[Task to complete] Of all the lines below, return only those starting with the line holding "Divided Dish in Basket Server" and going on through the line holding "Decoris Vasen Vase", exactly as written.

[Dataset excerpts]

##########

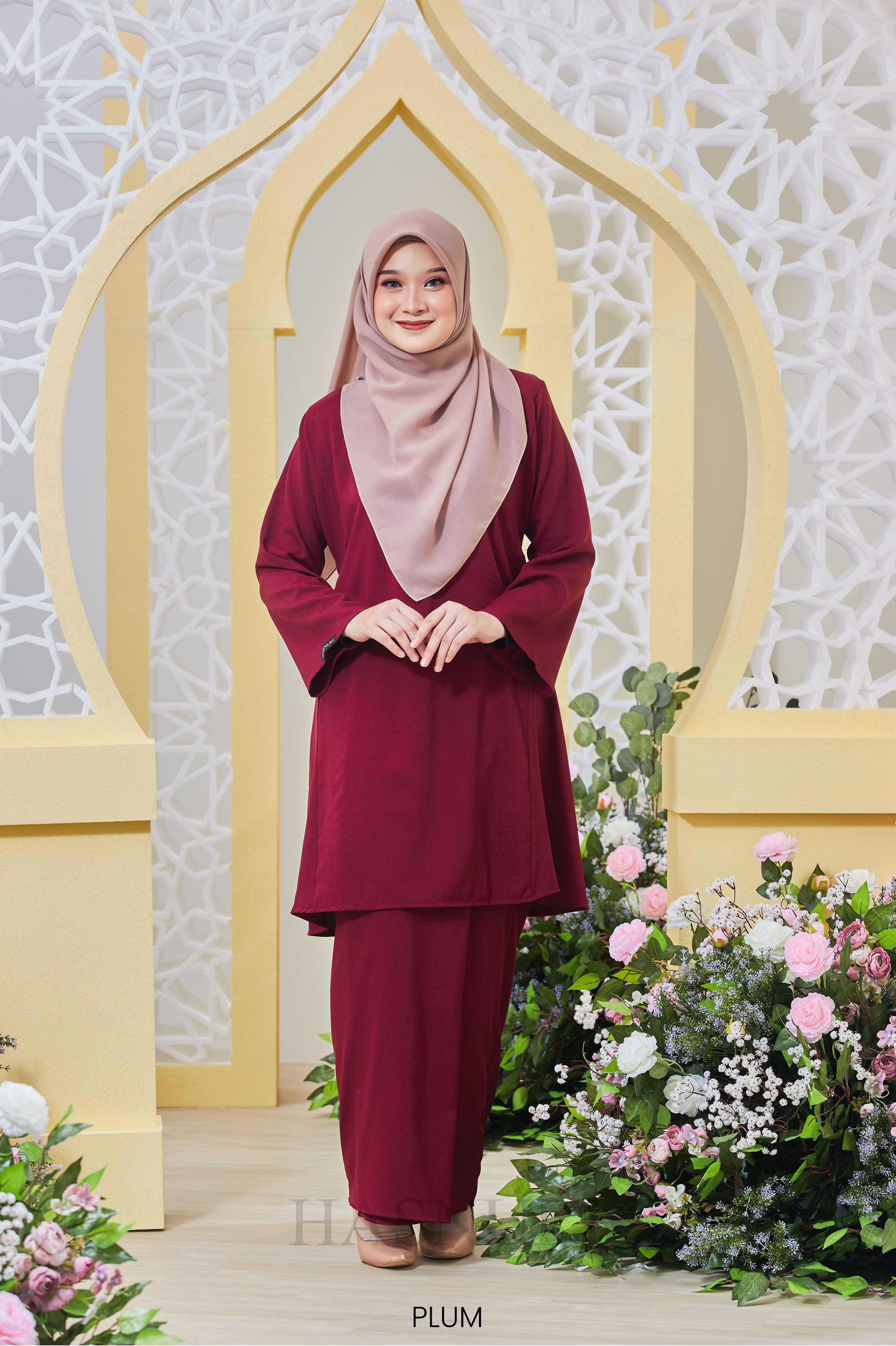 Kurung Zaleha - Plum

##########

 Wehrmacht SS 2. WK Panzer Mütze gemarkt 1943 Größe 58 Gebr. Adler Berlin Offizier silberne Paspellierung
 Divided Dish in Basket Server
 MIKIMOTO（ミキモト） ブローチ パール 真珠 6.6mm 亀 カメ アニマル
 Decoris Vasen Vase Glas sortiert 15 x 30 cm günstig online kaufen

##########

[Solved problem]
 Divided Dish in Basket Server
 MIKIMOTO（ミキモト） ブローチ パール 真珠 6.6mm 亀 カメ アニマル
 Decoris Vasen Vase Glas sortiert 15 x 30 cm günstig online kaufen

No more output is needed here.